(WHAT IS EXPECTED):
Set out exactly, line by line, the stretch of data below that begins at the line containing "Vestido de Novia" and ends at the line containing "Toyota Camry 2.5L 4 2013", with both ends kept.

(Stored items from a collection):
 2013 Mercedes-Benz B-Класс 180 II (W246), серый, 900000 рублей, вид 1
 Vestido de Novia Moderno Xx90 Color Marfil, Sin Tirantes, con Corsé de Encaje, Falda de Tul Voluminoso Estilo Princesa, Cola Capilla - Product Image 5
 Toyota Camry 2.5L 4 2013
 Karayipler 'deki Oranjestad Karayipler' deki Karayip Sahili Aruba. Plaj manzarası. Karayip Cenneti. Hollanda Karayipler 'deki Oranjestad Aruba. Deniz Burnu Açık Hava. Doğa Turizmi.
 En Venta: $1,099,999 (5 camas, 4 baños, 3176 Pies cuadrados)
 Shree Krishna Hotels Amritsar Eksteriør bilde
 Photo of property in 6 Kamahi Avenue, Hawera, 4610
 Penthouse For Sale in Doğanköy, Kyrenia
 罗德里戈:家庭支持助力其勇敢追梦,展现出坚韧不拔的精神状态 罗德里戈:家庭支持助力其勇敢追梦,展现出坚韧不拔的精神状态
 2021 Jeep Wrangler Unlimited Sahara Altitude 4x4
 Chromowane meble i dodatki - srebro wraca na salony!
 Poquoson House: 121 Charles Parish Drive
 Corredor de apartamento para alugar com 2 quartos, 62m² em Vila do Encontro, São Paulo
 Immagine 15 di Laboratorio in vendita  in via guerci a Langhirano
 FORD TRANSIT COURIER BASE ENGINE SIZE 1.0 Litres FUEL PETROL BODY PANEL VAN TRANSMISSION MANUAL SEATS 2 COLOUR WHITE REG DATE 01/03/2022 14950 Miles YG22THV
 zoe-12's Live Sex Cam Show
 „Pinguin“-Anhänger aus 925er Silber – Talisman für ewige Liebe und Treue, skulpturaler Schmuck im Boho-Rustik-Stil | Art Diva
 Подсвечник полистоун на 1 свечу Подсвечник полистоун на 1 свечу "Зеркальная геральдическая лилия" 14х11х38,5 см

(RESPONSE FOR THIS EXERCISE):
 Vestido de Novia Moderno Xx90 Color Marfil, Sin Tirantes, con Corsé de Encaje, Falda de Tul Voluminoso Estilo Princesa, Cola Capilla - Product Image 5
 Toyota Camry 2.5L 4 2013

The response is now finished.